As expected the second day on Phonics was just as interesting a day full of goats in boats, snails in the rain, nice smiles and maybe even a celebration in foundation. We had been given the heads up that we were going to be teaching some phonics ourselves. I’m not sure if the children were meant to be learning more from us or whether we were meant to be learning more from them, but it was most certainly the latter.

The day began with a whistle stop tour of phonics but it was enough to gain an understanding of what phonics is, and how the english language is made up of 44 sounds and 150 ways of making those sounds, the alphabetic code. We also saw how phonics works by breaking up ‘segmenting’ these sounds down so that children learn to recognise them individually before ‘blending’ them together as a recognised word. Unless of course the word is a tricky ‘red’ word that can’t be phonetically read a so must be sight read. TS3 demonstrate a clear understanding of systematic synthetic phonics. We were also provided lots of opportunities during the day to observe phonics being taught. It was very clearly evident how there was a very clear structure to the effective teaching and learning of phonics. Recap previous taught sounds. Teach new sound. Practise sound, using a range of strategies; blending, segmenting, playing corresponding games and tasks. Applying taught sound to reading and writing.TS2 – knowledge and understanding if how pupils learn and how this impacts on teaching.TS4 – impart knowledge and develop understanding through effective use of lesson time. A strategy that stood out for me, partly because as someone who has been familiar with phonics it was something I had neither seen or thought about before, was the use of rhymes and actions added to the teaching a common red words. This was clearly a really good way of get children to remember the red words which are by the own name far tricker to learn and read than the phonetically spelt words. Taking the approach of using rhymes and actions worked in the same way that it does for the individual sounds, it is something I will be taking back into my own practise of phonics teaching. TS4 – reflect systematically on the effectiveness of lessons and approaches to teaching.
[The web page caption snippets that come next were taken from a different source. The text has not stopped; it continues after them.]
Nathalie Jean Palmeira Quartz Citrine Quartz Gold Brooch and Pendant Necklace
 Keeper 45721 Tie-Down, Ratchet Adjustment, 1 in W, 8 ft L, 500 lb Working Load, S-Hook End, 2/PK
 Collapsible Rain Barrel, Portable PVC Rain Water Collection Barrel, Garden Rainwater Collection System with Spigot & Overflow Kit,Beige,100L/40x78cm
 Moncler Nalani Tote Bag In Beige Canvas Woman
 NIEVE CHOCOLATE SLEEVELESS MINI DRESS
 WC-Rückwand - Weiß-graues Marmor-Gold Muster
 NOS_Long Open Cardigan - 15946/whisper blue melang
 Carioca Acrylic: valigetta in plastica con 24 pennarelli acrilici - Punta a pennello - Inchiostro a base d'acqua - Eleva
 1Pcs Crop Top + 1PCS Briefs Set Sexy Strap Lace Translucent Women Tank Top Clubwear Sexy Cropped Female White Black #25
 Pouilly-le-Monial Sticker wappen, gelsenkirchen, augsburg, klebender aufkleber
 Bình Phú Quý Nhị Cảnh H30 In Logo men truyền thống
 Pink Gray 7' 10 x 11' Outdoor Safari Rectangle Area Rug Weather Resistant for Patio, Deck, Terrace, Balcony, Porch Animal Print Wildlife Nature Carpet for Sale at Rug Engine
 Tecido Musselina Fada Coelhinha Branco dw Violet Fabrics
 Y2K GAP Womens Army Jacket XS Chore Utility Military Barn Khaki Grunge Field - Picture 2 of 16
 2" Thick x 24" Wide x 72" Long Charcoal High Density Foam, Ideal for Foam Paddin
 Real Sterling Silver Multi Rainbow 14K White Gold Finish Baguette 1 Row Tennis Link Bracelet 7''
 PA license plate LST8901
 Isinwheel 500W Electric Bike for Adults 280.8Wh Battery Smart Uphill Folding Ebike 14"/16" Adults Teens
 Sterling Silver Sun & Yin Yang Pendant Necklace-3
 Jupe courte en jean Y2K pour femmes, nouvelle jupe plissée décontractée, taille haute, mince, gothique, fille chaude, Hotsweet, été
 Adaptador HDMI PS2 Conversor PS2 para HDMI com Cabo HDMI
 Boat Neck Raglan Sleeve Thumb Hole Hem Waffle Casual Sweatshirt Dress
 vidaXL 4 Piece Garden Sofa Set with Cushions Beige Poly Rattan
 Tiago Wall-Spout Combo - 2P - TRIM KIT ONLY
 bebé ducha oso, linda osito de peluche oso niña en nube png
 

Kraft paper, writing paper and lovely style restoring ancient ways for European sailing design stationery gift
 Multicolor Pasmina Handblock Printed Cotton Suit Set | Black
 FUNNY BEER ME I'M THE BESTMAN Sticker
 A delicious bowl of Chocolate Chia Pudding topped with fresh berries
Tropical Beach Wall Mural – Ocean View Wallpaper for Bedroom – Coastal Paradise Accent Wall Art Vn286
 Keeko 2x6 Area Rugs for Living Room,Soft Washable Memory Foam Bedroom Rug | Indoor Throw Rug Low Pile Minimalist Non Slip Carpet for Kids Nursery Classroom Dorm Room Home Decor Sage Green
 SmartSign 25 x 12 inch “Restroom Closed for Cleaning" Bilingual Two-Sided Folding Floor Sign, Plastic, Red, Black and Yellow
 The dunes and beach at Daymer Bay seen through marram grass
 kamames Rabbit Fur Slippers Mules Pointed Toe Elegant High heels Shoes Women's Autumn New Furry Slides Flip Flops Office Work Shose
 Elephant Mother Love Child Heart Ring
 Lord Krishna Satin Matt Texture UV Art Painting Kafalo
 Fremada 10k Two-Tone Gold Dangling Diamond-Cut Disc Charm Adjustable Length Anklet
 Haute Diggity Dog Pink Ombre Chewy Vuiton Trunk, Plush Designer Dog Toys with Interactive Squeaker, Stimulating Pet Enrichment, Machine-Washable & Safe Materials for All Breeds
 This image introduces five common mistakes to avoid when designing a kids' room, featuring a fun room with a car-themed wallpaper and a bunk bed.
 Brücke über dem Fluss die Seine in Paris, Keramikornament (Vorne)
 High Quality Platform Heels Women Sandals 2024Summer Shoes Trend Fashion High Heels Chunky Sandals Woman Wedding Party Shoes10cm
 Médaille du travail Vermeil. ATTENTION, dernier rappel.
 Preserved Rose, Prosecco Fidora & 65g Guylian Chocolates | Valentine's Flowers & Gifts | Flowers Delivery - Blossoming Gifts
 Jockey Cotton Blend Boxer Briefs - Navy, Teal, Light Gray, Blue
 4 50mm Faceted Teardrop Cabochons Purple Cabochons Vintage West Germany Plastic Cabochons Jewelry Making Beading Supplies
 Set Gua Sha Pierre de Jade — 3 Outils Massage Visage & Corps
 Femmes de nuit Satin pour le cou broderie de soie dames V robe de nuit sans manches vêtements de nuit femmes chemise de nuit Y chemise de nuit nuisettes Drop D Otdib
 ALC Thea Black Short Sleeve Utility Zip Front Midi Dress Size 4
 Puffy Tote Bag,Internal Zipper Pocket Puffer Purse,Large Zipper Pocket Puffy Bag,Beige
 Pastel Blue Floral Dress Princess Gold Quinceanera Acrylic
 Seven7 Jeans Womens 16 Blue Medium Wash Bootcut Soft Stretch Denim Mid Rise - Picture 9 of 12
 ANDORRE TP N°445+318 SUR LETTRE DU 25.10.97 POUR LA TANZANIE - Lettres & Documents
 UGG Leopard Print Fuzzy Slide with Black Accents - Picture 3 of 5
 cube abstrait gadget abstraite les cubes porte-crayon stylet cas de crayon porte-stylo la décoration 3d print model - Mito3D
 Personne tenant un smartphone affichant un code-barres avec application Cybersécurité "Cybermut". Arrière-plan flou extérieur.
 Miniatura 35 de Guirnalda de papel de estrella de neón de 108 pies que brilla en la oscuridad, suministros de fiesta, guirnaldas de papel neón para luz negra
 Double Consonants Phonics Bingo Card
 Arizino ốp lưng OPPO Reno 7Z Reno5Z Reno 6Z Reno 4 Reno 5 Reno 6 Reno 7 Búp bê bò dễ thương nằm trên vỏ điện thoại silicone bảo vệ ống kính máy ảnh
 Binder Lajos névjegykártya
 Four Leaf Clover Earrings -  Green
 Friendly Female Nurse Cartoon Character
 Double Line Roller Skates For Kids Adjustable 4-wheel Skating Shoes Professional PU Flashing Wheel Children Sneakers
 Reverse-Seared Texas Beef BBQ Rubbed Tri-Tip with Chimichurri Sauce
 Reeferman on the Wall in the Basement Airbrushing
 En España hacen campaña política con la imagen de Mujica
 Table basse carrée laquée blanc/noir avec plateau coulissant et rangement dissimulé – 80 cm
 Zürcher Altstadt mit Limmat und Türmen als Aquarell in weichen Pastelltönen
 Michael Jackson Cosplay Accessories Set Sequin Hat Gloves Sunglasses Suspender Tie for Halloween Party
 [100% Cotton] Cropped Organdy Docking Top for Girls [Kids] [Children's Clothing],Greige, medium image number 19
In my own practise I will think more about opportunities to use adult and child initiated tasks, opposed to adult led ones. I appreciated that child initiated task are harder to construct higher up the Key Stages but I have seen its effectiveness when taken advantage of and used in ways that push learning forward. It would be great to see this type of learning happening in older pupils also.

Focused next steps to impact on your progress or the progress of the children in your care:

  • Use rhymes and actions for the teaching of commonly used red words
  • Observe EYFS Practise in my own setting to investigate further how child initiated task are made use of the push learning forward.